Ничего этого Элачи, естественно, предъявлено не было. Промелькнувшее в его голове отчаяние было ничем иным, как плодом корпоративных шуточек, во время которых младший научный персонал раз за разом «песочил» пресловутую страховку. Оказывается, для того, чтобы система взяла тебя под крыло и затем квохтала над тобой на вроде добросовестной курушки, необходимо ежегодно проходить всевозможные медицинские комиссии и обследования, на которых и случаются подобные оказии с приставучими докторами. Не хочешь – не надо! Но в этом случае, потрудись не подцепить какую-нибудь ангину, иначе платить за лечение придётся из своего же кармана.

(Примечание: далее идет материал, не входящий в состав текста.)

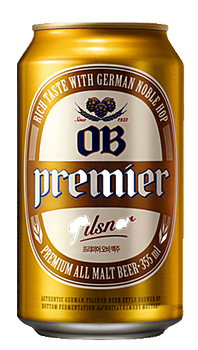 The Premier OB Pilsner Beer can, 355ml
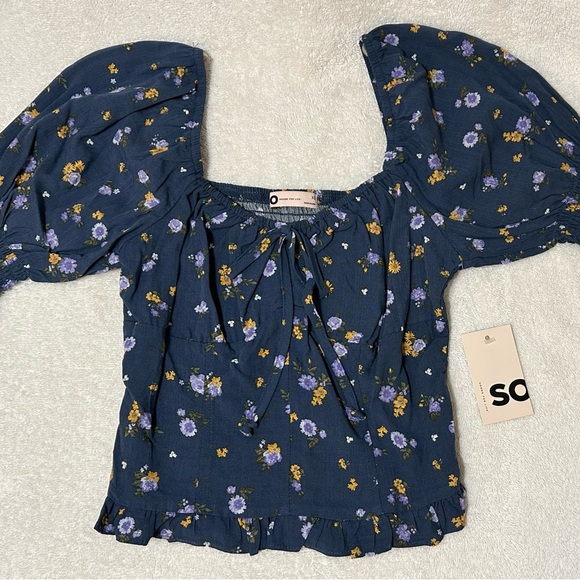 Floral Puff Sleeve Corset Top - Blue - Picture 1 of 2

Элачи хотя с этим никогда и не сталкивался, – для него, как для начальника, бюрократический аппарат предусматривал какую-никакую лазейку, – но всё прекрасно понимал, а оттого, нервничал ещё больше. Кто знает, что именно творится на уме у этих обрюзгших под гнётом малоподвижного образа жизни мозгоправов? Резонно предположить, что они просто так прикалываются, а может, и впрямь оказывают какую-никакую помощь. Хотя как можно вылечить ночную жуть, явившуюся, такое ощущение, из самой преисподней? – вот это непонятно.

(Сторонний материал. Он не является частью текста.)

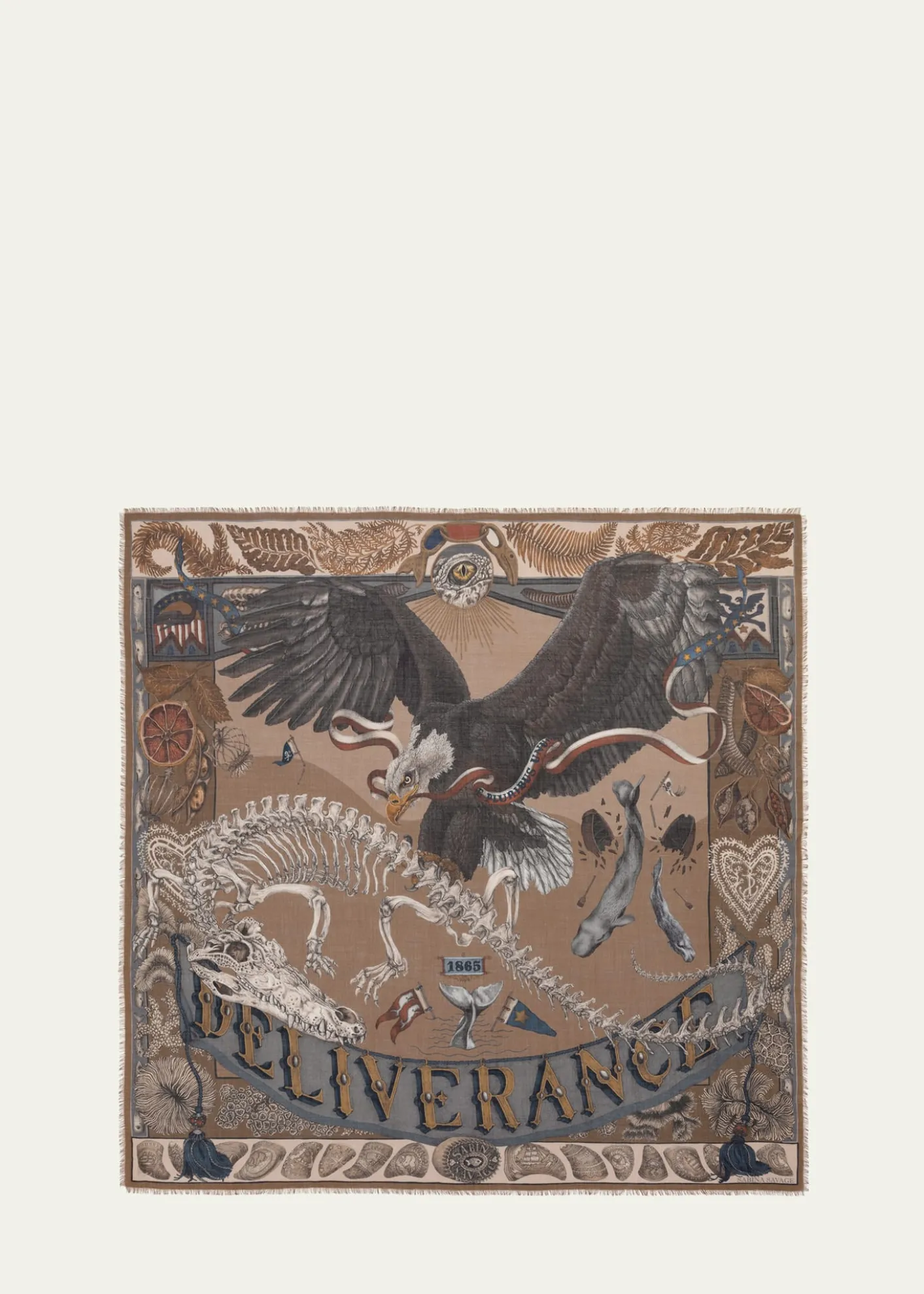 Sabina SavageThe Scrimshaw Skeleton Cashmere Scarf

Психотерапевт не обратил на подавленное состояние Элачи особого внимания, а может, обратил, только не посчитал нужным делиться своими наблюдениями. Да бог с ним – не столь важно. Важно другое: сможет ли сам Элачи заставить себя бороться с собственными страхами и дальше? Точнее даже не бороться, а противостоять? И начать следует, прежде всего, с правды. Не важно, что эта правда может казаться самому Элачи чистейшим бредом. Существуют ситуации, когда наиболее маловероятное, на деле, оказывается истиной или, наоборот, заведомо верный факт – вымыслом. Необходимо сразу, уже на первом этапе, выстроить в голове, так называемый, мысленный блок или фильтр, – как Элачи будет проще. Через этот блок или фильтр следует пропустить всю информацию, что была накоплена во время предшествующего опыта, затем выделить отдельные моменты, которые являются основополагающими, и попытаться открыть их в новом для себя свете, так сказать, обдумать на трезвую голову. И проделать всё это нужно самостоятельно, а он – врач – здесь только для того, чтобы оказать помощь, в том случае, если Элачи вдруг собьется с пути и заплутает в собственных чувствах.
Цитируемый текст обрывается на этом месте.